Por eso me ha resultado fascinante la lectura de la plaquette que, bajo el título Siete relatos, plublicase en Bogotá, y en 1980, Consuelo Triviño. Halla el lector elementos formales y temas que serán
constantes en su obra.
El breve prólogo de presentación —firmado por Harold
Alvarado, un poeta con cierta fama por entonces de rebelde— no le hace
curiosamente ningún gran favor a la autora, pues relega los cuentos a unas
experiencias reales comunes y pasajeras, intrascendentes por lo tanto, y limita
su pericia narrativa a un hacer casi instintivo. Pero, precisamente, si algo de
valor hay en estos relatos es todo lo contrario: una evidente voluntad de
literaturización de la experiencia que, a la vez, se eleva como pantalla inteligente
capaz de difuminar las posibles anécdotas dentro de un crisol repleto de
misterios, ensueños y frustraciones de origen romántico. No es tampoco, creo
yo, Boris Vian el modelo que pudo servir de referencia a Triviño, aunque tal
vez lo hubiera ya leído, sino la lectura de Kafka, que le enseñaría lo absurdo
de las relaciones humanas, y la de Borges de quien, como tantos escritores de
su generación, aprendería cómo la técnica literaria puede desideologizar los
sentimientos de mayor compromiso a través de la magia de lo cotidiano. El
interés sostenido de estos planteamientos explica que la autora buscara
reescribir mucho después algunos de estos cuentos en un libro mayor.

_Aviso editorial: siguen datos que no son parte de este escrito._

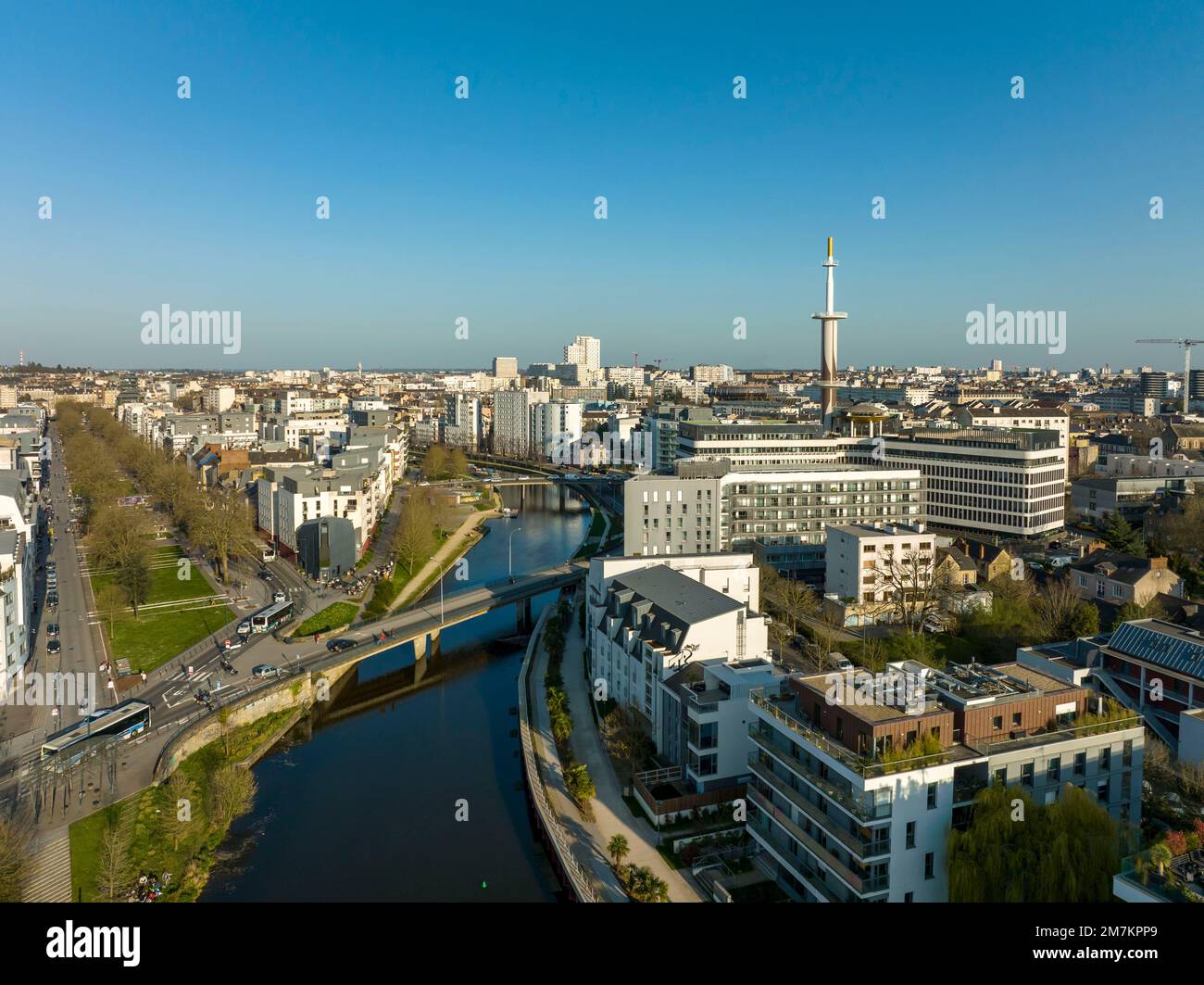 Rennes (Bretagne, Nord-Ouest de la France) : vue aérienne de la Vilaine, de l'avenue "mail François Mitterrand" et du bloc de la tour "tour Mabilais" i Banque D'Images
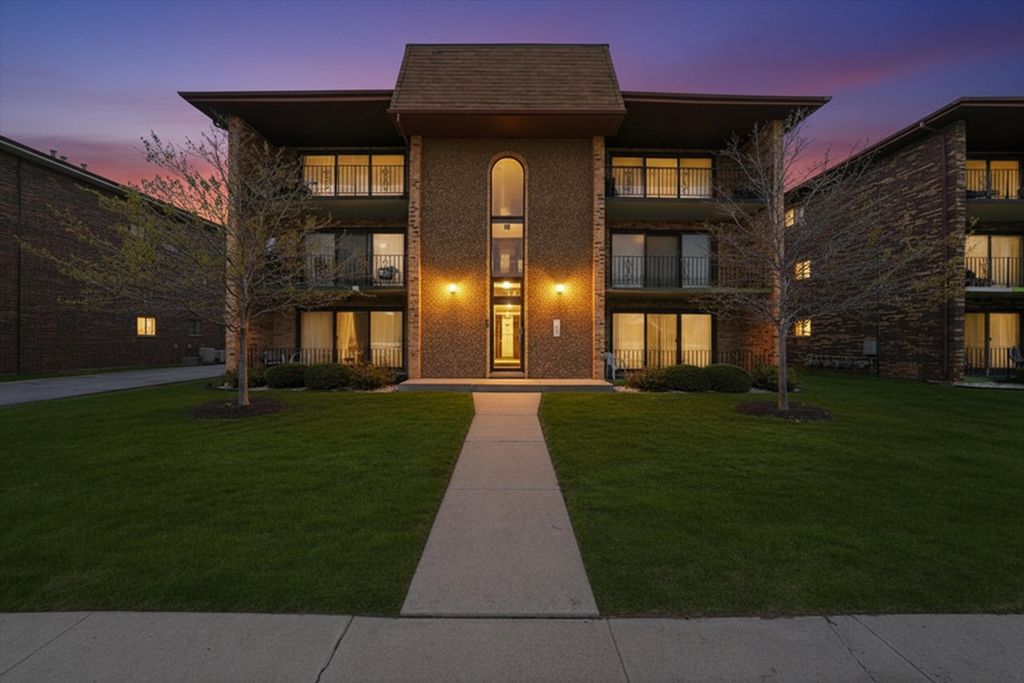 Image 1 of property listing at 4854 W 122nd Street 2E, Alsip, IL 60803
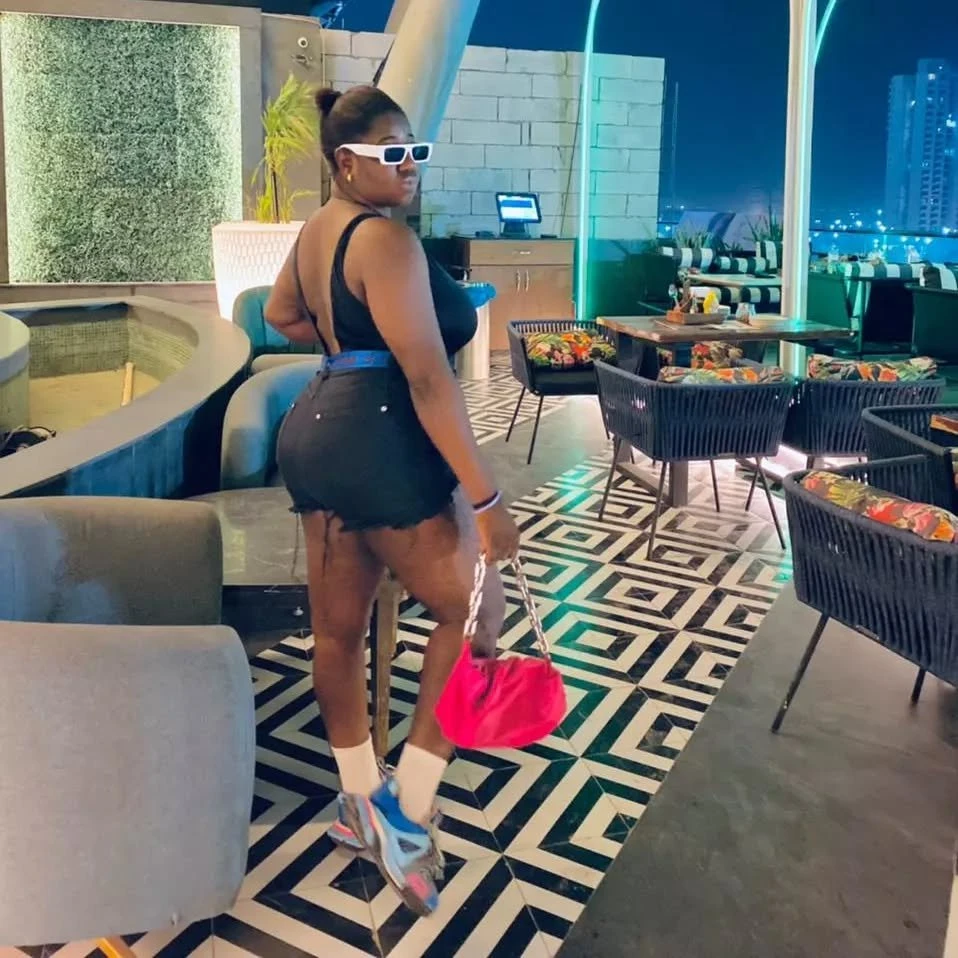 Juicy Lala – Nigerian escort in Noida — 3 / 4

En un artículo treinta y tantos años posterior sobre Javier
Marías, Consuelo Triviño subraya la importancia de fijar el punto de vista
narrativo a la hora de encarar cualquier relato. Esta preocupación está ya presente en sus cuentos de 1980,
cuando disocia los receptores del relato "Emma", el teórico
innominado de todo texto y la propia protagonista de la historia: "Se
alejó... se perdió...vaciló....", frente a "ahí estás... recorriste, alguien te
esperaba...". En otras ocasiones ("Yo no los maté") introduce la
primera persona reflexiva dentro de la narración en tercera o concluye la
historia de un suicidio, que hubiera sido inverosímil en boca del suicidado, con
un párrafo en primera de un narrador paralelo ("El suicida"). También
se pregunta sobre la idoneidad de la historia: "...no tiene la suficiente
importancia como para ser contado..." ("Sola o acompañada"). El
falseamiento de la realidad se evidencia cuando la narradora ve algo invisible,
lo que supone inspiración literaria y no experiencia: "Todo era
tinieblas... los ojos
podían contemplarse".
En la vertiente temática, estos primeros cuentos aportan ya la
constancia de la soledad, la insistencia de una búsqueda que se fija
simbólicamente en seres fracasados, por lo que nunca se colma la inquietud, la
dicotomía entre la mujer aburguesada que busca la libertad y la mujer libre que
no encuentra la felicidad, la necesidad de la huida, de dónde sea y hasta lo
indefinible, siempre en busca de una plenitud inalcanzable. Esa búsqueda
continua definirá temáticamente
la obra de Consuelo Triviño ya desde este cuadernillo de 1980.